The delivery of TV content is now happening very differently than in years past. We're still buying TV in the traditional sense.
But the digital players are doing their own upfronts, and I think you'll see that happen big time next year. If I buy programming only with a major network in the traditional sense, I don't necessarily capture the people who may be watching through their console device. I've got to cover all of these different screens now. Frankly, it makes things more complicated.
The industry expressed a little doubt this year about how effective Facebook is for vehicle marketing. Do you believe Facebook will help you sell cars?
Yes, absolutely. In the course of the last 15 months, Nissan has gone from fewer than 200,000 Facebook fans to just about 1 million. We have 18 different communities that we support through Facebook and Twitter. We have a Nissan brand page just about what's going on at Nissan. Another is a Nissan Performance page for enthusiasts who want to know about the Z and the GT-R. That's not necessarily "buying advertising." But as Facebook moves forward, they're going to figure out intelligent ways to take paid advertising and directly link it in to those communities.
Your senior management has said a number of times that Nissan has suffered from a lack of brand awareness.

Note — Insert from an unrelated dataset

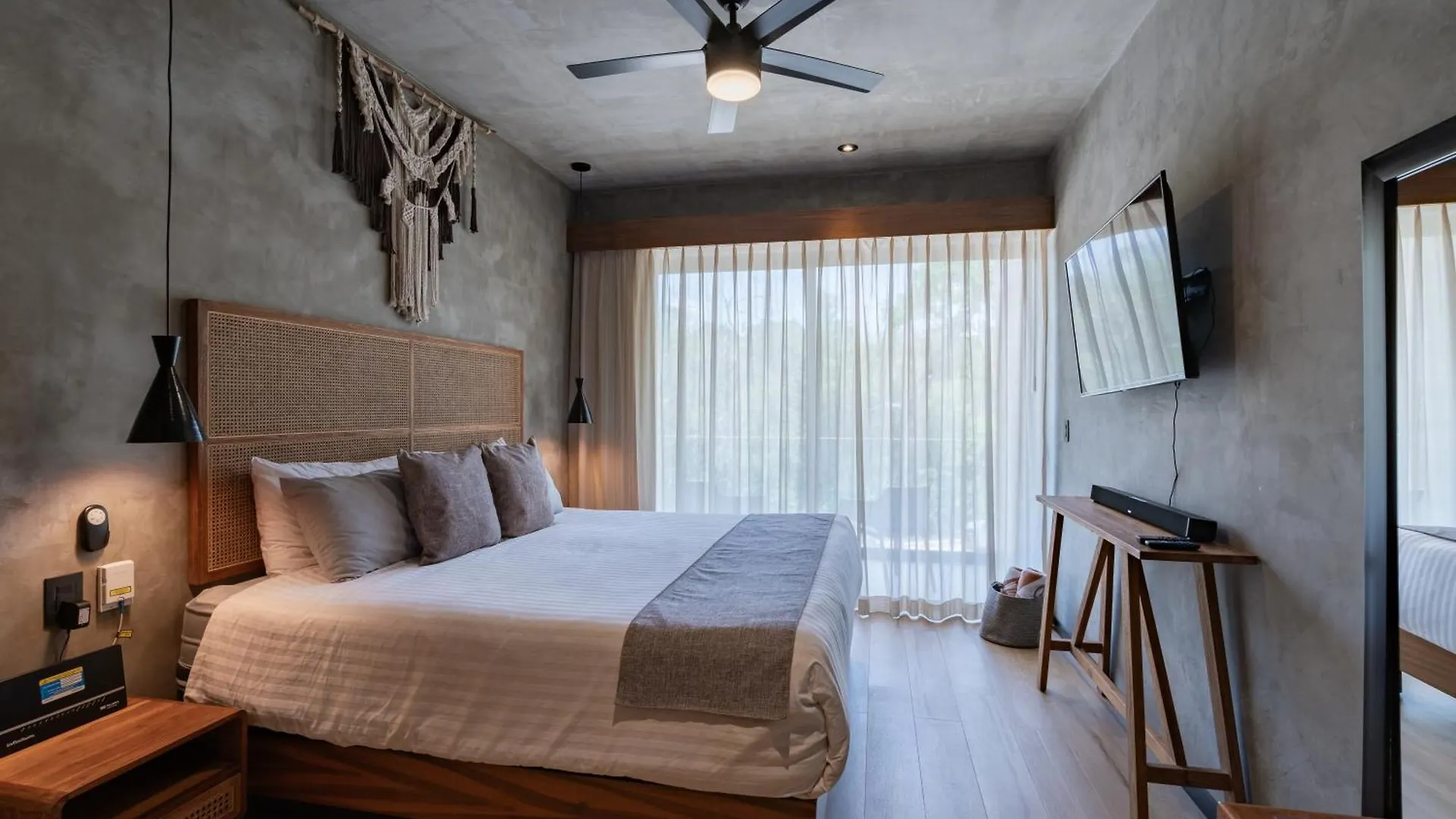 Luxury Studio With Balcony And Rooftop Pool In Tulum Best Location Meksika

Nissan has been around 50 years successfully selling cars; why are people fuzzy about the brand?
That's tough to answer. But if you go back several years, a lot of our communications were devoted to individual models, whether it was the Altima or the Maxima or the Titan. We have 19 different cars. We were very model-focused. We tried to build the Altima brand rather than the Nissan brand.
But we've changed our strategy. We're going to strategically align more of our resources against fewer models. We're going to focus on five core models in the next 15 months, and link them much more closely to Nissan as a brand, with the message that "Nissan's an innovative company."
Our resources will be disproportionately focused on those cars that are both high volume and can drive favorable perception of the brand. Other models, like the Z and the GT-R, are small volume and aren't really core models. But they're halo, and they are still critically important to us improving the brand perception. So you'll see us use them in communications.
A lot of the other models will essentially be supported through digital and the Web site, and through the regional marketing program.